3:00 pm to 12:00 am
Event Location: NSH 3305
Bio: C. Lawrence Zitnick received the PhD degree in robotics from Carnegie Mellon University in 2003. His thesis focused on efficient inference algorithms for large-problem domains. Previously, his work centered on stereo vision, including the development of a commercial portable 3D camera. Currently, he is a researcher at the Interactive Visual Media group at Microsoft Research. His latest research includes object recognition and computational photography. He holds over 15 patents, and developed PhotoDNA to combat illegal imagery on the web.
Abstract: Humans and machines see the world differently, each having their own strengths and weaknesses. In this talk, I describe two projects exploring how they may help each other.
Visual object recognition by machines is notoriously difficult.

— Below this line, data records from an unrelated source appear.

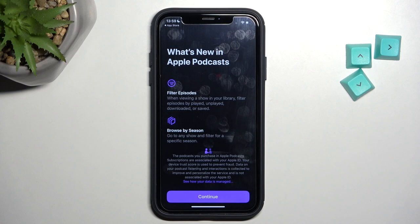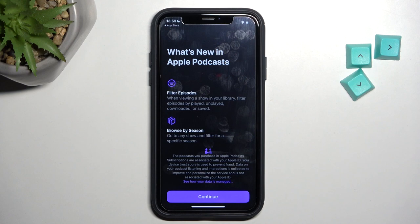So that will be all. That's how you can get the Apple Podcasts app. Thank you for watching. Please subscribe to our channel and leave a thumbs up.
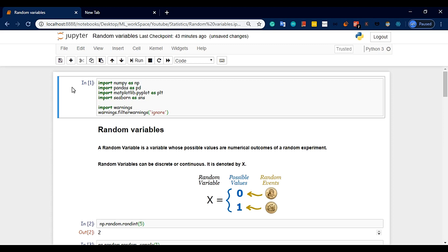A random variable is a variable whose possible values are numerical outcomes of a random experiment. So the values are numerical outcomes. If you look at head and tail in a coin flip, we can represent them as numerical outcomes — for example, 0 and 1.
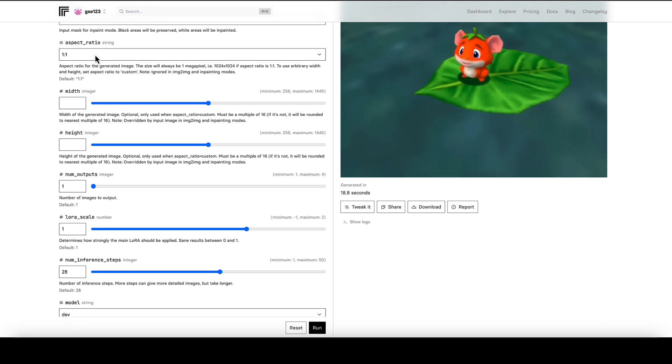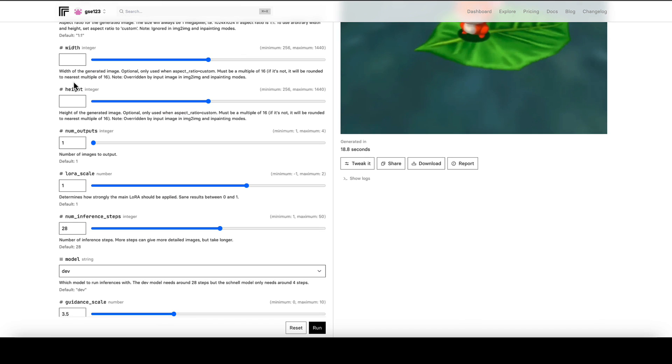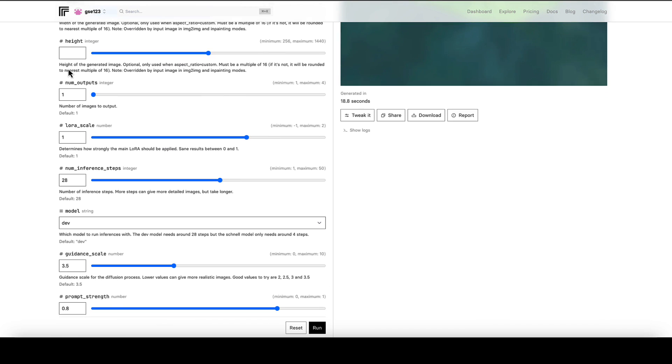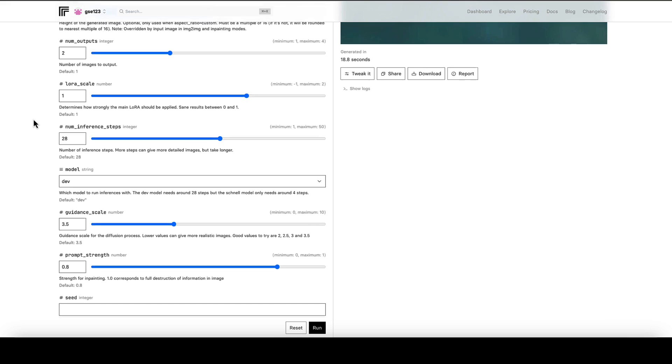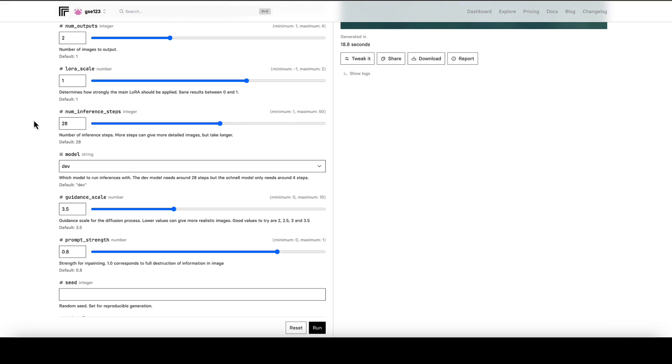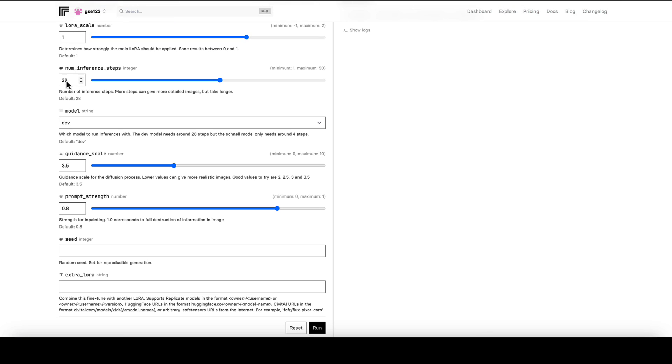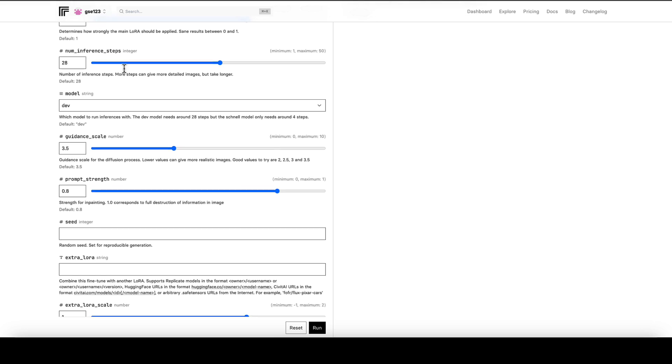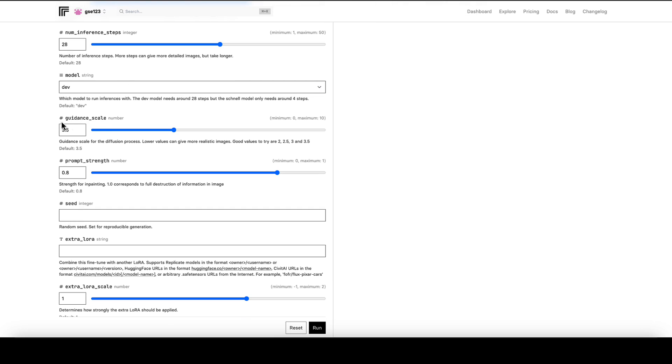But that's for another video. Aspect ratio, that's obviously up to you. Number of outputs is completely up to you. Things that I would leave as defaults for the moment would be things like the LoRA scale, the number of inference steps, the guidance scale and the prompt strength.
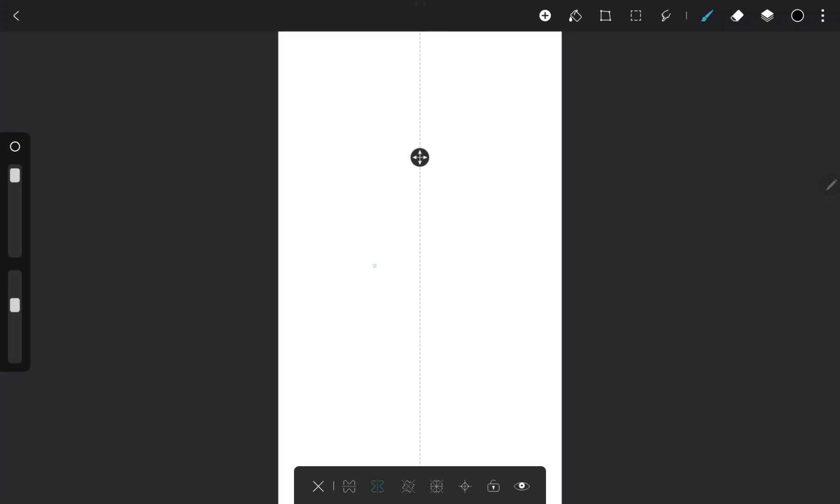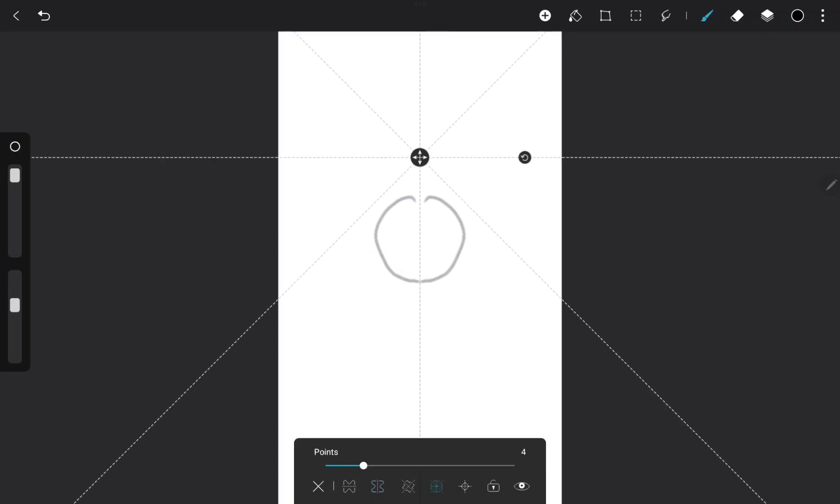Just draw on one side and what you draw appears on the other side.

To help in the learning process, humans are typically used to gather large hand-labeled training datasets from which the machines may learn. However, humans may also be used to “debug” the machine’s recognition pipeline to learn what aspects are lacking. Specifically, we explore the various stages of part-based person detectors. We perform human studies in which subjects perform the same sub-tasks as their machine counterparts, and accuracies are compared.
The typical human has significant difficultly in drawing everyday objects containing complex structures, such as faces or bikes. When learning to draw, humans must learn to see the word differently. That is, they must not only recognize what they are seeing, but they must perceive the spacing and structural layout of an object. We demonstrate an application in which machines can recognize what a human is drawing and provide visual guidance to the drawer in the form of shadows. The shadows, which may be either used or ignored by the drawer, help the drawer achieve more realistic overall shapes and spacing, while maintaining their own unique drawing style.